Percent-encoding is a part of the IETF URI standard, RFC3986. It is usually viewed—and is arguably primarily defined—as an escaping mechanism for URIs to permit characters such as ’/’ to appear without taking on their normal syntactic significance. The percent-encoding mechanism has also, historically, been used to embed non-ASCII characters from various single-byte encodings into URIs. This further developed into the use of percent-encoded UTF-8 sequences embedded in URIs, a usage formally specified in RFC3987. Dealing with URIs as anything more than simple strings more or less requires coping with this mechanism, whether it is to escape the characters not allowed to appear in URIs or to translate a substring of a URI or IRI into useful form.
There is a complication, however. Sequences of percent-encoded bytes do not have to be valid UTF-8, neither in URIs nor IRIs. The simple way to deal with this problem is to ignore it: Decode it as UTF-8 anyway, and if it contains something invalid, just barf. This works for most situations. Another approach is to translate IRIs to URIs and never try to go the other way. The problem here is, essentially, that percent-encoding doesn’t encode character strings, it encodes arbitrary binary data.

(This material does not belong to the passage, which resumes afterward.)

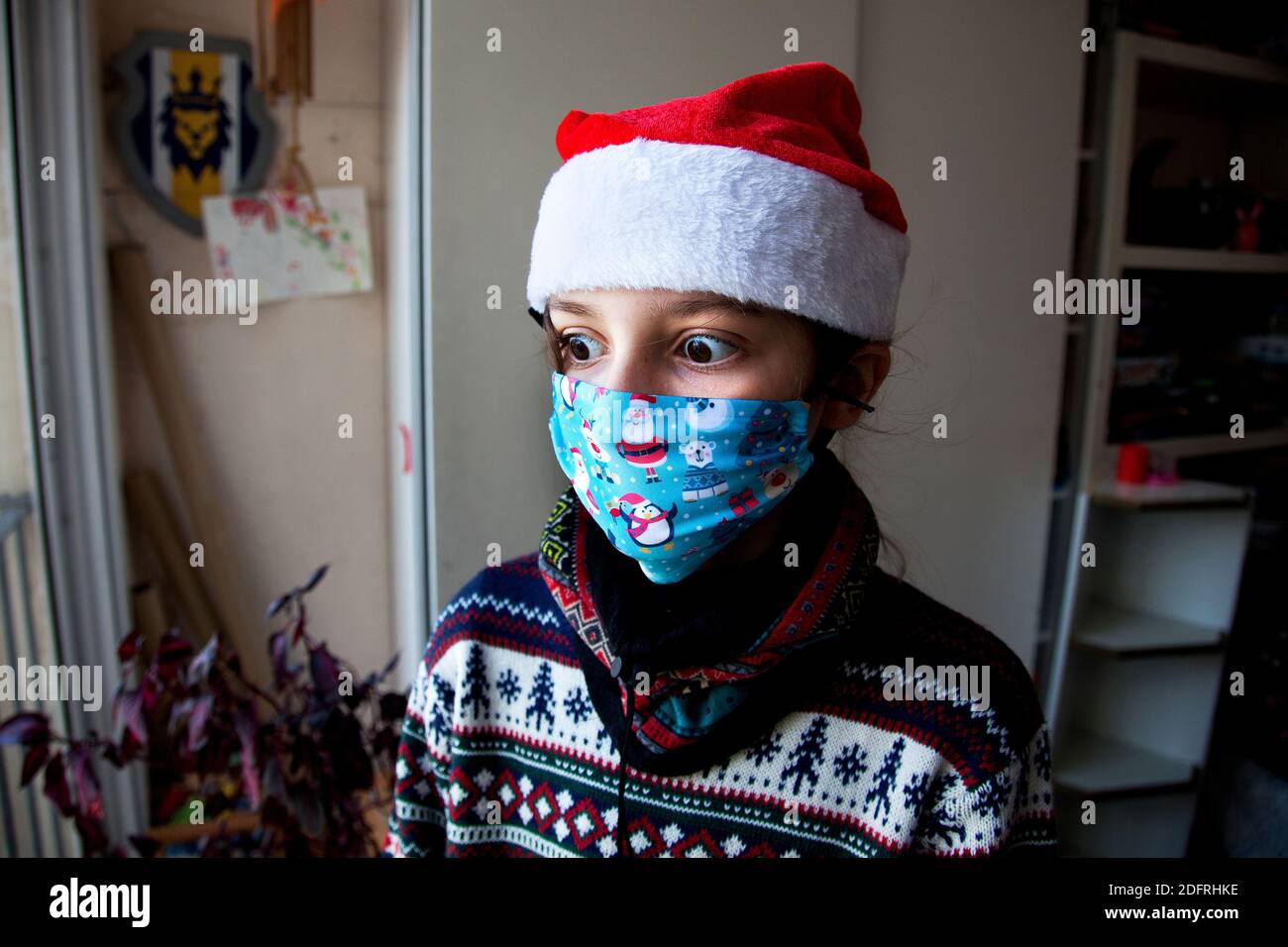 Ragazzo di 11 anni con maschera e cappello di Natale, Barcellona, Spagna. Foto Stock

Me, I wanted to normalise arbitrary IRIs, which involves decoding the valid UTF-8 sequences, but leaving invalid bytes encoded. I found no existing percent-encoding tool that made this possible. So I wrote one. It exports three functions and one constant. They all have what I believe to be decent docstrings, but here’s a summary anyway:
pct-decode
takes a percent-encoded string and turns it into an
octet-vector. It also takes two keyword arguments, :encoding
and
:reserved
. :encoding
controls how characters not allowed to appear directly
in URIs are coded into bytes. It uses Babel, so babel:list-character-encodings
tells you what you can use. The default is UTF-8, which produces
IRIs. :reserved
is a mechanism for normalisation: It takes a sequence of
characters whose percent-encodings should not be decoded, but left in the byte
sequence as-is.
pct-encode
takes an octet-vector and turns it into an percent-encoded
string. It also takes three keyword arguments, :iri
, :reserved
and
:ignore-existing
. :iri
controls whether or not to attempt to reconstitute
UTF-8 sequences into Unicode characters in the resulting string. It defaults to
t
, which makes the output valid as an IRI but not as an URI. :reserved
is
essentially the opposite of the decoding version: It’s a sequence of characters
that should be percent-encoded in the resulting string, rather than appearing
directly. It defaults to +uri-reserved+
. Finally, :ignore-existing
will
leave any already percent-encoded sequence in the result string.
pct-normalize
uses the two prior functions in a specific setup to normalise
the provided string. It accepts :encoding
with the semantics of decode, :iri
with the semantics of encode, and :reserved
with its own: A character, allowed
in URIs, found in the sequence passed will neither be decoded nor encoded by the
routine. That is: Reserved characters appearing directly in the source string
will appear directly in the result, and those appearing encoded in the source
string will remain encoded in the result. Its defaults are similar to those of
the other functions: assume characters represent their UTF-8 sequences, return
IRIs, and leave the URI reserved characters alone.
+uri-reserved+
is a string containing the characters reserved in URIs: Colon,
slash, question mark, hash, square brackets, commercial at, exclamation mark,
dollar sign, ampersand, apostrophe (well, ASCII’s approximation thereto,
anyway), parenthesis, asterisk, plus, comma, semicolon, and the equals sign.